Civil society organizations
179. There are over 4,000 civil society organizations, all of which are working to promote and protect human rights through awareness activities, the provision of legal aid and monitoring of the human rights situation in the Sudan with the various State organs. Over 15 Sudanese organizations have consultative status with the United Nations Human Rights Council and are intent on monitoring human rights issues across the world generally and in the Sudan particularly. Civil society organizations undertake a valuable role in the amendment of laws and the preparation of reports on human rights violations, including detentions, and other matters such as legal aid.

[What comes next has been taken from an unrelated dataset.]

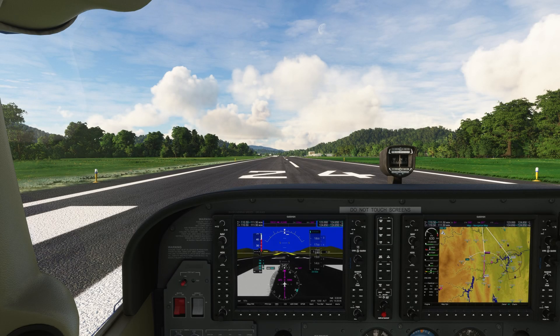Hello and welcome to this G1000 VNAV tutorial. We'll be learning about the capabilities the G1000 VNAV mode has in the simulator.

180. In the Sudan, the issue of promoting and protecting human rights, whether civil and political rights or economic, social and cultural rights, is an utmost priority, particularly in the coming period and notwithstanding the host of unprecedented challenges that have been reflected in this report. The national will remains firmly set on exerting more effort to meet these challenges and on moving forward in achieving the lofty goals of human rights principles stemming from our Islamic faith and cherished beliefs.
182. The Sudanese Government has endeavoured through the submission of this report to reflect its efforts to fulfil the undertakings it has repeatedly affirmed to improve the situation of civil and political rights in the Sudan. Through realizing these goals, it hopes to drive the national efforts to promote and protect human rights on the ground by assessing developments and challenges, exchanging best practices and opening up areas for cooperation with the Committee. It also looks forward to constructive recommendations and also to eventual undertakings that might have a positive bearing on the development of the human rights situation in the Sudan so as to accomplish the goal to which we all aspired when the Committee was established as an effective mechanism for the development of human rights situations in all countries worldwide.
182. We appeal to the international community to avoid the policy of double standards, selectivity and politicization of human rights issues and to strive for neutrality and transparency in its dealings with States in the interest of concerted and constructive efforts between the various committees and States for the promotion and protection of human rights.
183. We look forward to the continuation of joint cooperation and of constructive and objective dialogue with the Committee for the sake of Sudanese citizens.
[*] This report contains the twelfth, thirteenth, fourteenth, fifteenth and sixteenth periodic reports of the Sudan, due on 20 April 2000, 2002, 2004, 2006 and 2008, respectively, submitted in one document. For the ninth to eleventh periodic reports and the summary records of the meetings at which the Committee considered those reports, see documents CERD/C/334/Add.2 and CERD/C/SR.1451,
1452 and 1460.
** In accordance with the information transmitted to States parties regarding the processing of their reports, the present document was not formally edited before being sent to the United Nations translation services.
[***] Annexes may be consulted in the files of the Secretariat.
 Source of information: Central Bureau of Statistics.
 Information obtained from the Ministry of the Interior, Commission on Refugees.